Rolki dociskowe współczesnej produkcji - doświadczenia, opinie
- Zaloguj Zarejestruj się by odpowiadać
Zauważyliście zapewne, że rolki z dużym "przebiegiem" też robią się beczułkowate. To zwykle efekt ścierania gumy w miejscach, gdzie ona najmocniej "pracuje" - o wałek przesuwu właśnie.
Czy efekt "wyrywania/wyślizgiwania się" taśmy przez kółko dowijania też może być spowodowany słabym stykiem rolki dociskowejz kapsztanem ??
Ja zauważyłem, że jeżeli dobrze wyczyszczę rolkę spirytusem i jest ona czysta, to nie ma efektu falowania dzięku ( a dokładnie jego przyśpieszenia na ułamek sekundy ) .
Przyjrzałem się trochę mechanizmowi i wychodzi na to, że jednak nie jest w stanie idealnym. Zdarza się tak, że w dwóch różnych miejscach na tej samej kasecie trzeba ustawić skos trochę inaczej, żeby było idealnie.
W najbliższym czasie spróbuję się przyjrzeć, co jest źle z tym mechanizmem
To może zamiast się przyglądać sprawdzisz ustawienie sprzęgła dowijania?
Jestem pewny że jest ustawione do wyrywania taśmy a nie do nawijania jej.
Dodatkowo na twardej rolce jeszcze bardziej pogarszasz sprawę z torem prowadzenia taśmy.
Zauważyliście zapewne, że rolki z dużym "przebiegiem" też robią się beczułkowate. To zwykle efekt ścierania gumy w miejscach, gdzie ona najmocniej "pracuje" - o wałek przesuwu właśnie.
Czy efekt "wyrywania/wyślizgiwania się" taśmy przez kółko dowijania też może być spowodowany słabym stykiem rolki dociskowejz kapsztanem ??
Ja zauważyłem, że jeżeli dobrze wyczyszczę rolkę spirytusem i jest ona czysta, to nie ma efektu falowania dzięku ( a dokładnie jego przyśpieszenia na ułamek sekundy ) .

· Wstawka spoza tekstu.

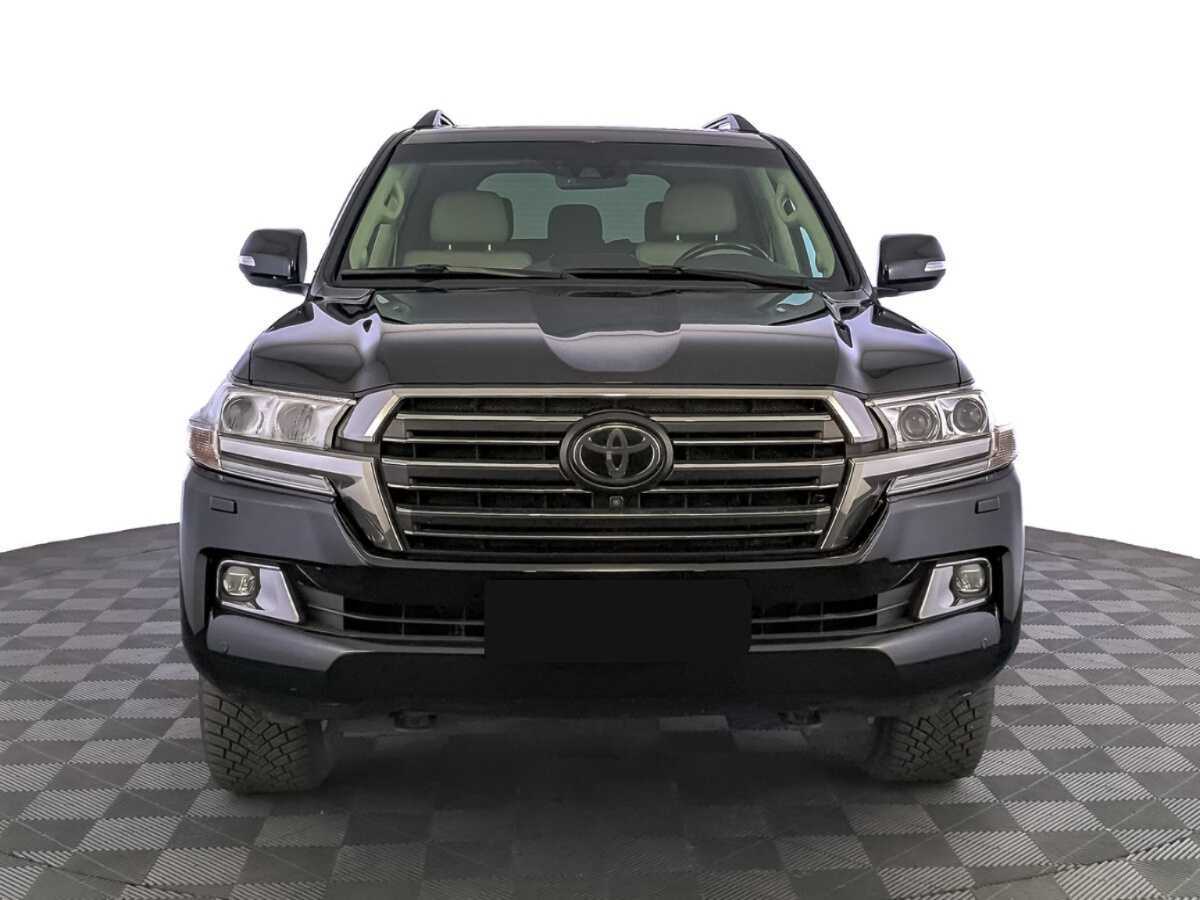 Toyota Land Cruiser 2019 года с пробегом. Фото: #1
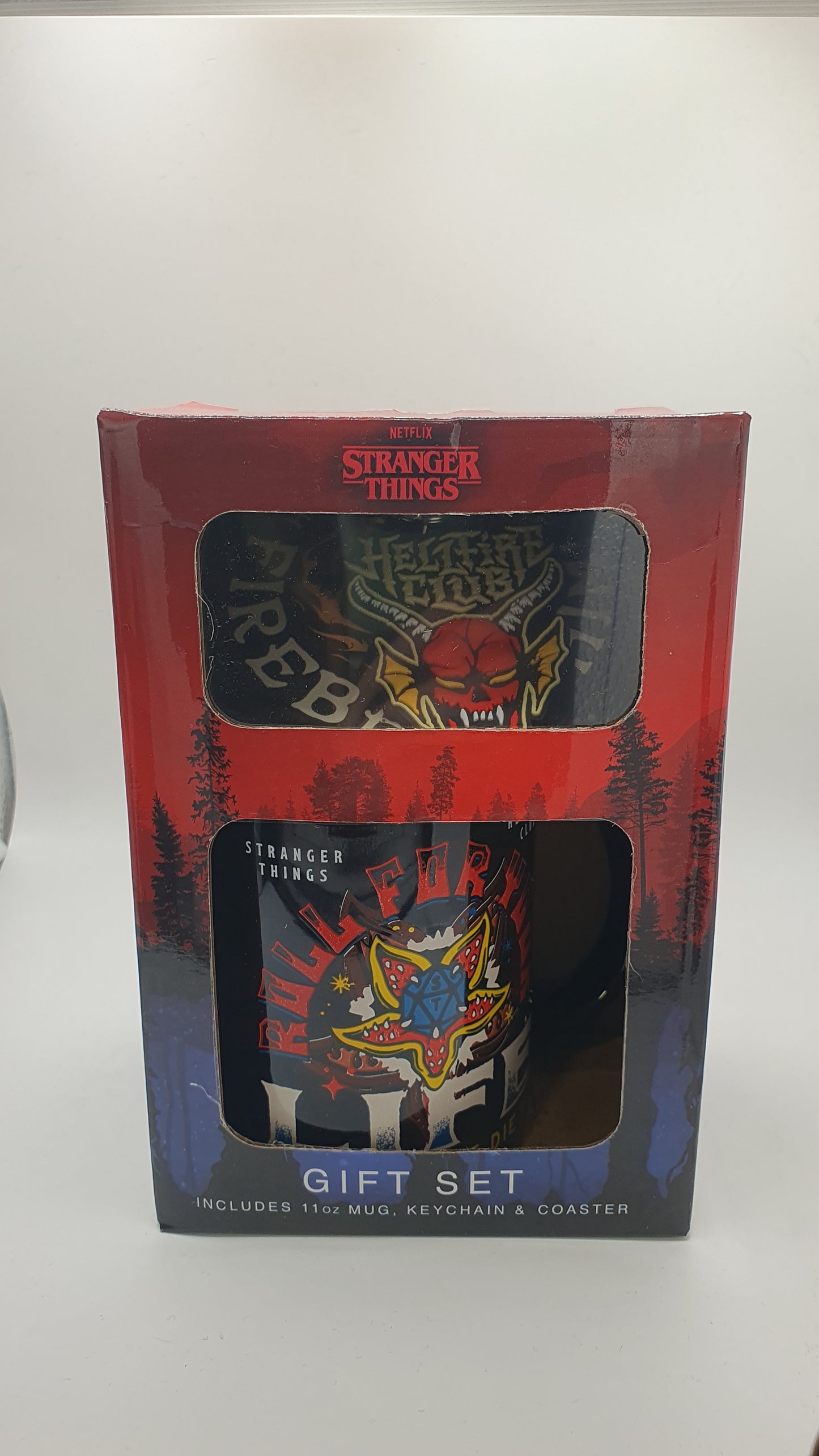 coffret cadeau mug stranger things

Nic dziwnego, usuwając zanieczyszczenia zwiększasz realny współczynnik tarcia i tym samym zmniejszasz poślizg rolki. Ten poślizg zawsze istnieje, opory obracania rolki są jego głównym źródłem, normalne opory przesuwu taśmy czasem równorzędnym a czasem mniejszym.
Oporów przesuwu taśmy nie da się zmniejszyć do zera. Opory własne rolki w jej łożyskowaniu można i należy minimalizować.
W kaseciakach rolki są łożyskowanie z reguły w sposób prymitywny, zwykle jednak zadowalający. Do czasu...
Zwykle jest to łożysko ślizgowe poliamid - stal. Z twardością i gładkością tej stali to różnie bywa.
Pomyślmy jeszcze co się będzie działo, gdy zwiększymy luz rolki w takim jej łożysku. Przesadnie dla ułatwienia pracy wyobraźni zróbmy oś fi 2,0 a otwór w piaście rolki fi 4,0.
I włączamy START.
Widzicie to, jak rolka "skacze" do przodu i do tyłu ? Krótkimi odcinkami toczy się po ośce zamiast ślizgać po niej i wraca skokowo.
Otóż przy mniejszym luzie dzieje się to samo, tylko skoki są oczywiście krótsze. Najlepiej więc byłoby, aby luz piasty rolki na osi był jak najmniejszy, najlepiej zero.
NAJLEPIEJ ZERO.
W tym spostrzeżeniu jest natychmiastowe rozwiązanie problemu: to nie powinno być łożysko ślizgowe, bo żadne takie nie będzie pracowało przy zerowym luzie z akceptowalnie małymi i stabilnymi oporami ruchu.
Wszystkie profesjonalne szpulaki mają rolki łożyskowane tocznie, właśnie m.in. z powyższych powodów.
A rolki do kaseciaka to "sienieda" zrobić na łożyskach kulkowych ? Za drogo może ?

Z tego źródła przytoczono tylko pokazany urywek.